Pov. Hyunjin
Siedzieliśmy u mnie w pokoju, ja tylko patrzyłem na niskiego, niewinnego i tak słodkiego elfa, był naprawdę śliczny. Jego piegi przypominające konstelacje w kosmosie, szpiczaste uszy, słodkie małe kły i rogi, no po prosu kurwa arcydzieło.
- Jesteś głodny? - zapytałem
- Em... Zjadł bym coś, ale nie chcę się narzucać.- odpowiedział słodko przykładając palec wskazujący do swoich malinowych ust. No i kurwa weź się skup jak on robi takie słodkie miny?
- Nie narzucasz się! Tylko powiedz co byś zjadł.- odpowiedziałem
- Może trochę ryżu? - odpowiedział
- Ok.
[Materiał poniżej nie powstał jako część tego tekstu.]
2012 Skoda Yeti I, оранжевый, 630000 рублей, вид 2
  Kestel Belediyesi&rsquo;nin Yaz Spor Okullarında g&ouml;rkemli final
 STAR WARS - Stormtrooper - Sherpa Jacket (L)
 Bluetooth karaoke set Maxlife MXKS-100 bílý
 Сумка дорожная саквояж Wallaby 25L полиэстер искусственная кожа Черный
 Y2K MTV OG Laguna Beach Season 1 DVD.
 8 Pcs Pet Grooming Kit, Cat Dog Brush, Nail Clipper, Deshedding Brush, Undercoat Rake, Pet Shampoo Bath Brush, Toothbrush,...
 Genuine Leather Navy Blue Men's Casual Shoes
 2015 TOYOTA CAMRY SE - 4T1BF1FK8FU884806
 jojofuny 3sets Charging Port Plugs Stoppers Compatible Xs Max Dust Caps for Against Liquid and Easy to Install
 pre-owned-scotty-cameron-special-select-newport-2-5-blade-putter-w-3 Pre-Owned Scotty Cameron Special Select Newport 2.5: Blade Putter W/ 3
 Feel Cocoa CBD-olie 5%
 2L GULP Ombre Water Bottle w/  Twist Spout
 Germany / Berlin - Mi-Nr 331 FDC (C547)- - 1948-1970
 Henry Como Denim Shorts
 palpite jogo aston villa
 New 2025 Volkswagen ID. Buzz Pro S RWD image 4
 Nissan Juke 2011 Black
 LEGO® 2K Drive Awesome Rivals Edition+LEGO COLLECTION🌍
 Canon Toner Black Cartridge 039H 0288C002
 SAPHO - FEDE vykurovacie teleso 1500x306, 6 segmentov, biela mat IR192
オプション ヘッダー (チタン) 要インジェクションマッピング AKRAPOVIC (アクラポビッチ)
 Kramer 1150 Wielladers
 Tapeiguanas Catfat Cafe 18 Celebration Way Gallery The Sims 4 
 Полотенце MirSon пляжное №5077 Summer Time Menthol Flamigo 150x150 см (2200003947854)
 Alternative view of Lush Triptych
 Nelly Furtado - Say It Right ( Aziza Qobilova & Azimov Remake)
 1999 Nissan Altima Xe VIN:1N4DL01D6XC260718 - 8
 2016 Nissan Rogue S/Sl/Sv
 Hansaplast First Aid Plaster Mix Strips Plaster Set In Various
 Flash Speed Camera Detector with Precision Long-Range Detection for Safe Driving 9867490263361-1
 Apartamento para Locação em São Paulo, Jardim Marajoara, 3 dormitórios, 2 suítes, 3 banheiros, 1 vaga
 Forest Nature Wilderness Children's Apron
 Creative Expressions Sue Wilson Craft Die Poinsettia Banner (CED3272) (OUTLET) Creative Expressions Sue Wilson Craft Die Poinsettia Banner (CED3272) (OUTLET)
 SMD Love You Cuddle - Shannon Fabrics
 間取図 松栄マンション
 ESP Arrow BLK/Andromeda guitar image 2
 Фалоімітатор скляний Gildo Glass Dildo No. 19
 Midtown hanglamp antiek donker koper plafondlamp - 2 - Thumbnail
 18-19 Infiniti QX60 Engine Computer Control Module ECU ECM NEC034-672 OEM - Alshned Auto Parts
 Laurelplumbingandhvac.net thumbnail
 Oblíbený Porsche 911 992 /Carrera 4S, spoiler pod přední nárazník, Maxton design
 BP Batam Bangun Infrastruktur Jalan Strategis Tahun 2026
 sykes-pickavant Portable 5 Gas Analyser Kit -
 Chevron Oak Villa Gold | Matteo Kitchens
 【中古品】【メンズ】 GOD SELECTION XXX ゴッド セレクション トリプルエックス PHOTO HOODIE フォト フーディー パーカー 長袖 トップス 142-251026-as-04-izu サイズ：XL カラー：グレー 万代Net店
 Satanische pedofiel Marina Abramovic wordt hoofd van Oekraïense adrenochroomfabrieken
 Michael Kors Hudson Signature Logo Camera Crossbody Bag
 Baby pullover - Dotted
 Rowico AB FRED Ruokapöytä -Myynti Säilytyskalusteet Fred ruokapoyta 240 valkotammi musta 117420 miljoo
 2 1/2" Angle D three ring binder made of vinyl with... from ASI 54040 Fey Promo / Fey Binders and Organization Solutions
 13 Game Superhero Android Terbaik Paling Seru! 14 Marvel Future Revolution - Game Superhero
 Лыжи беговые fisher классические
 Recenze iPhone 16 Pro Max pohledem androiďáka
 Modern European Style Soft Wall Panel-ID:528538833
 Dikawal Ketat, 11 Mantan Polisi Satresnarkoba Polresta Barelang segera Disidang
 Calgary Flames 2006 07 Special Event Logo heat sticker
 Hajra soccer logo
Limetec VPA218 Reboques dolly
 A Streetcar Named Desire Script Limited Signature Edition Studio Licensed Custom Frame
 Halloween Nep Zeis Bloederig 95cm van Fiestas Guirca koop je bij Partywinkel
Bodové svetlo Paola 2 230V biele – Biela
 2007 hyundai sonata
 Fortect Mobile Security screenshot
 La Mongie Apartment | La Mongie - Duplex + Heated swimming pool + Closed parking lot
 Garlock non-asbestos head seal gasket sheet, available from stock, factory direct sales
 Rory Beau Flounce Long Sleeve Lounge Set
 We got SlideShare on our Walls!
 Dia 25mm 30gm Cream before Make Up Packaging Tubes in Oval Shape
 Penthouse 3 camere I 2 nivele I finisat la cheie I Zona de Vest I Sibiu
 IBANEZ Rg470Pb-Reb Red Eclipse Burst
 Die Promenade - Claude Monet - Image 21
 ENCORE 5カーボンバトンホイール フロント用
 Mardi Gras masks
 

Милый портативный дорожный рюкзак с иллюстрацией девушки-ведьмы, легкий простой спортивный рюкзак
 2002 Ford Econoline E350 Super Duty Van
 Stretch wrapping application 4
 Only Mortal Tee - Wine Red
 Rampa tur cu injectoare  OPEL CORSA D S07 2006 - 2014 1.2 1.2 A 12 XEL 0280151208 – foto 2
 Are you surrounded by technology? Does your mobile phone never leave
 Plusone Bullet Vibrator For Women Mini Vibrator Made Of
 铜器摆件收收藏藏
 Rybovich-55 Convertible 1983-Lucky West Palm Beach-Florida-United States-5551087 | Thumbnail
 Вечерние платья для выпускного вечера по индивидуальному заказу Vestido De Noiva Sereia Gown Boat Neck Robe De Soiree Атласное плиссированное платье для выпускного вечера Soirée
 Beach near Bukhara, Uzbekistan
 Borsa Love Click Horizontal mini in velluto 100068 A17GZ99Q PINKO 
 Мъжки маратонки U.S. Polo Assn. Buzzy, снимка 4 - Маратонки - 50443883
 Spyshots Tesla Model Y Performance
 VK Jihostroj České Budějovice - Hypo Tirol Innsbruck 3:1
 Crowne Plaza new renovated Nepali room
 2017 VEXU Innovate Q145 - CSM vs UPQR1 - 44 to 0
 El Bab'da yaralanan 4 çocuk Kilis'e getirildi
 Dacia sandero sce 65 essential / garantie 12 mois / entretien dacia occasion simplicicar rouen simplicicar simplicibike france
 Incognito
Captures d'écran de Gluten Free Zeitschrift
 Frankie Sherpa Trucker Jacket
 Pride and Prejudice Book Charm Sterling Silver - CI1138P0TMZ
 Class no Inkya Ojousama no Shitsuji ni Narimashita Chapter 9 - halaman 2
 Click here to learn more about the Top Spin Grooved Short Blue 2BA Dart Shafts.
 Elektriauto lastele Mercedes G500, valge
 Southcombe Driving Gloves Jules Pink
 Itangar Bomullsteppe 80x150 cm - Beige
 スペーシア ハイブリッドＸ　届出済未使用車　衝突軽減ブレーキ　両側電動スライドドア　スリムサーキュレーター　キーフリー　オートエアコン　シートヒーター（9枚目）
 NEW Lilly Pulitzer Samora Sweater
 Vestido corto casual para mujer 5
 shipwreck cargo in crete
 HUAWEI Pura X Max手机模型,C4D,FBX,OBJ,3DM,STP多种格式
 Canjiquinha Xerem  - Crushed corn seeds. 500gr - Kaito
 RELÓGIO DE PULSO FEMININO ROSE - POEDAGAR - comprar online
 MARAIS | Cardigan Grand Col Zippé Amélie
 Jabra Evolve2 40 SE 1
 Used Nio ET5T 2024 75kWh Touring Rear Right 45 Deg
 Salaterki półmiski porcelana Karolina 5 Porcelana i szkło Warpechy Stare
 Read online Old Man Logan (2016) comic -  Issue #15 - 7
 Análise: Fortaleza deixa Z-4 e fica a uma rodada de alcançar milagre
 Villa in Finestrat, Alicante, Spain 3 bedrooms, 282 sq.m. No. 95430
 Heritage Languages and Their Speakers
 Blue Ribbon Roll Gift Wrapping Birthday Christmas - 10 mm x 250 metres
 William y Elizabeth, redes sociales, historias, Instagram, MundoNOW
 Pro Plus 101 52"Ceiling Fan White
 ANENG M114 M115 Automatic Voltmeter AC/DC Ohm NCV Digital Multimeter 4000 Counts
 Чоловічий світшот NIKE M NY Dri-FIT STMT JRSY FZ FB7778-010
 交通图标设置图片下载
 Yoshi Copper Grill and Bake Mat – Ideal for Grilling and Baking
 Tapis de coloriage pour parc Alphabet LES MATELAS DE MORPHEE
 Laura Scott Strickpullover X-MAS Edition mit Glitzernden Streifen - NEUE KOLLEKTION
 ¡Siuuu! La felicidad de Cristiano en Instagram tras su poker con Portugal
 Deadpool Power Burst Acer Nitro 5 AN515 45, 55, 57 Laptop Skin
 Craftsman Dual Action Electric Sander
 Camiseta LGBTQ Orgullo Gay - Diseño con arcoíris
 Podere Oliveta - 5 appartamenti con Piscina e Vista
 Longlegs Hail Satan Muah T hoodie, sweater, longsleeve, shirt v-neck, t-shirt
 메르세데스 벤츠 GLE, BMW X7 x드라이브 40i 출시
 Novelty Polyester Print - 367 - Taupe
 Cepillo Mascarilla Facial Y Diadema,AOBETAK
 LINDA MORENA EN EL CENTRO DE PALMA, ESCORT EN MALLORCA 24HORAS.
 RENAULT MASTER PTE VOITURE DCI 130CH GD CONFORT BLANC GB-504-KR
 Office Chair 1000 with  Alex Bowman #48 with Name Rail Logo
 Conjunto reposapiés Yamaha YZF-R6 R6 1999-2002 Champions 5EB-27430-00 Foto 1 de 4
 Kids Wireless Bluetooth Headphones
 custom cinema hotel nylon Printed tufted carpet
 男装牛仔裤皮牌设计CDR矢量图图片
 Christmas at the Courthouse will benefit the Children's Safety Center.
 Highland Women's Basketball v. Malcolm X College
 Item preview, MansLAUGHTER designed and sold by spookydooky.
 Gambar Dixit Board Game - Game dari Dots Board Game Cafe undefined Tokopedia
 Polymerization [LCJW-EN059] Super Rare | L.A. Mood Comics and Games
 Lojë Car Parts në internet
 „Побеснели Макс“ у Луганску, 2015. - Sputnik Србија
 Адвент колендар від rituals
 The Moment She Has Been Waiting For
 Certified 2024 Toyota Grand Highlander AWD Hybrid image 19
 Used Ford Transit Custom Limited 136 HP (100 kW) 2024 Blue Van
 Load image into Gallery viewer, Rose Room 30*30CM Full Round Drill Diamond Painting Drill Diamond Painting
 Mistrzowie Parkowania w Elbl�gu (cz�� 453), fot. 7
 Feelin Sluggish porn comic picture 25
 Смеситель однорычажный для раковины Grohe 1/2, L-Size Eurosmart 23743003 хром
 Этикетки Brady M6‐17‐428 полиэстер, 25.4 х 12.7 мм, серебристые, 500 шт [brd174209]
MAMO?!- krzynołęm do rodzicielki
- CO?!- odkrzyknęła mi
- FELIX CHCE RYŻ, PRZYNIESIESZ?! - dalej krzyczałem
- TAK!
- Mam pytanie Felix.
- Tak? - przechylił słodko głowę
- Chcesz się przebrać? - zapytałem nie pewnie
- Jeżeli to nie problem? - odpowiedział
- Oczywiście, że nie. Zaraz ci coś przyniosę i naucz się, że nie sprawiasz nam kłopotów i, że to jest twój nowy dom i rodzina - wyraziłem się jasno
- Co to rodzina? - zapytał młody elf, a ja popatrzyłem na niego jak na jakiegoś debila.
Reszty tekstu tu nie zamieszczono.